The strategy is to let ${E_x}$ be the “bad” event that ${S+ x}$ fails to be colorful (for a random coloring of ${\mathbb{R}}$). We’d like to show that

$\displaystyle \bigcup_{x \in \mathbb{R}} E_x \neq \Omega,$

where ${\Omega}$ is the corresponding probability space. Since the local lemma is a finitary statement, we will prove the analog for any finite union, and then use a compactness argument to conclude.

Given a random coloring, the probability of ${E_x}$ is bounded by ${k (1 - 1/k)^m}$, since ${E_x}$ involves omitting one of the ${k}$ colors. We take that as our choice of ${p}$. Next, we observe that ${E_x}$ is mutually independent of the ${E_{x'}}$ with ${(S + x) \cap (S + x') = \emptyset}$. The choices of ${x'}$ for which this fails are at most ${m(m-1)}$: when ${x =0}$, the valid ${x'}$ are the pairwise differences ${(S - S ) \setminus \left\{0\right\}}$. Applying the local lemma gives the result.

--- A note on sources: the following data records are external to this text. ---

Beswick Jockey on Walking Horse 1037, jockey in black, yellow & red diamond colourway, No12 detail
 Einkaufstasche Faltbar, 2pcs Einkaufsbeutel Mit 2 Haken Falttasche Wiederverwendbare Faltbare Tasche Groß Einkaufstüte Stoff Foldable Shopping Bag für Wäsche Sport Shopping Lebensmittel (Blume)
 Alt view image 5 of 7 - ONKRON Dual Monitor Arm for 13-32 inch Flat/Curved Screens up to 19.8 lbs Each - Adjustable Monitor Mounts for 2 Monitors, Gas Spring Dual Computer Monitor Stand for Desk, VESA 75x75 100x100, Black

In other words, we have proved that for any finite subset ${T \subset \mathbb{R}}$, wehave

$\displaystyle \bigcup_{x \in T} E_x \neq \Omega,$

so that there exists a coloring of ${\mathbb{R}}$ such that ${S+x, x \in T}$, is always colorful. Observe that the space of all colorings (that is, ${\mathrm{Fun}(\mathbb{R}, [k])}$, is naturally compact (even profinite), and the condition that ${S+x, x \in T}$ is colorful is a closed condition. Using the finite intersection property, we find that if there is a coloring that makes ${S+ x}$ colorful for ${x}$ in any given finite set, then there is a coloring which makes every ${S+x}$ colorful.